The three Series 2 episodes that remain missing are "The Loneliness of the Long Distance Walker", "A Stripe for Frazer" and "Under Fire". The only currently remaining hope for recovery is either that the lost episodes were recorded off-air during their original UK broadcasts using an early videotape recorder such as a Shibaden or Sony CV-2000 machine, or 16 mm tele-recordings being saved from being junked. However these three episodes were among the 67 adapted for BBC Radio in the 1970s, and recordings of the radio episodes still exist.

Christmas sketches

Two of the four Christmas sketches which aired as part of Christmas Night with the Stars from 1968 "Santa On Patrol" and 1970 "Cornish Floral Dance" remain missing, though audio recordings of both have been recovered.

Colour episodes

The colour episodes in series 3–9 have been remarkably fortunate compared with many of their contemporaries. Missing episodes were returned from overseas broadcasters, mainly from those in Europe, New Zealand and Australia, with the result that all full-length episodes now exist in the original colour format.

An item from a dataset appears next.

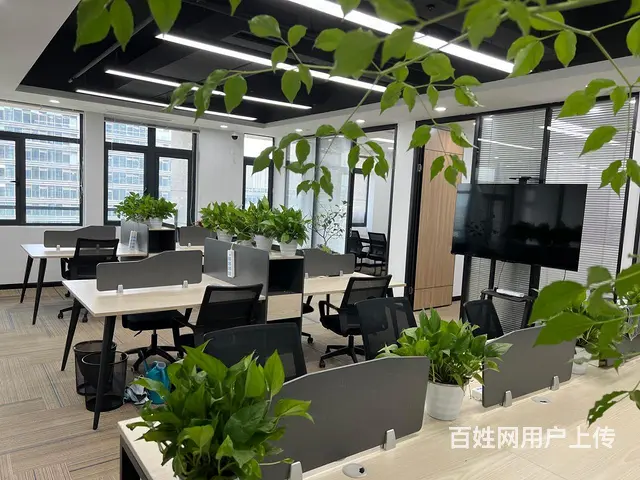 云狐科技园 直播电商好地方 房补1元 带露台精装直播间拎包 - 图片 1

Restoration and Recreation

Colour restoration

By the 1990s, "Room at the Bottom", the sixth episode of Series 3, was the only episode produced in colour that did not have a colour copy in the archive; instead, it survived only as a 16 mm black-and-white film recording. Because of the way in which the original black and white telerecordings were made, colour information was sometimes inadvertently preserved in them even though it could not be displayed. In 2008, a computer technique of colour recovery was developed to recover the colour information from telerecordings, known as chroma dots, to recreate a usable colour signal. "Room at the Bottom" was used as the pilot project to test this process of colour recovery, with the success of the episode's restoration leading to it being used on other 16mm telerecordings. "Room at the Bottom" was broadcast in colour for the first time in almost forty years on 13 December 2008.

Recreations

Animated episode

In 2008, the soundtrack of "A Stripe for Frazer" was rediscovered in the hands of a private collector. This recording was then digitally remastered for a 2015 BBC Audio CD release. In January 2016, it was announced that the BBC were creating an animated version of the episode, to be combined with the newly discovered copy of the audio, which was released via the BBC Store online service.
Pre-production for "A Stripe for Frazer" began in October 2015 and a little under 12 weeks later the finished animated episode was released on BBC Store 4 February 2016. The animation was produced and directed for BBC Worldwide by Charles Norton and a team that included comic book artist, Martin Geraghty.

Remake

In 2018, UKTV announced plans to recreate the three missing episodes for broadcast on its Gold channel under the title Dad's Army: The Lost Episodes. Mercury Productions, the company responsible for Saluting Dad's Army, Gold's 50th anniversary tribute series, produced the episodes, directed by Ben Kellett. The recreations were broadcast in 2019, coinciding with the 50th anniversary of their original broadcast on the BBC. Kevin McNally and Robert Bathurst were the initial casting announcements as Captain Mainwaring and Sergeant Wilson, with Bernard Cribbins portraying Private Godfrey. The full cast was announced in January 2019, with McNally, Bathurst and Cribbins joined by Kevin Eldon, Mathew Horne, David Hayman and Tom Rosenthal. However, Bernard Cribbins subsequently withdrew from the project, and was replaced as Godfrey by Timothy West. The recreated episodes were shown in August 2019 and released on Blu Ray on 25 November 2019 by the British Network imprint.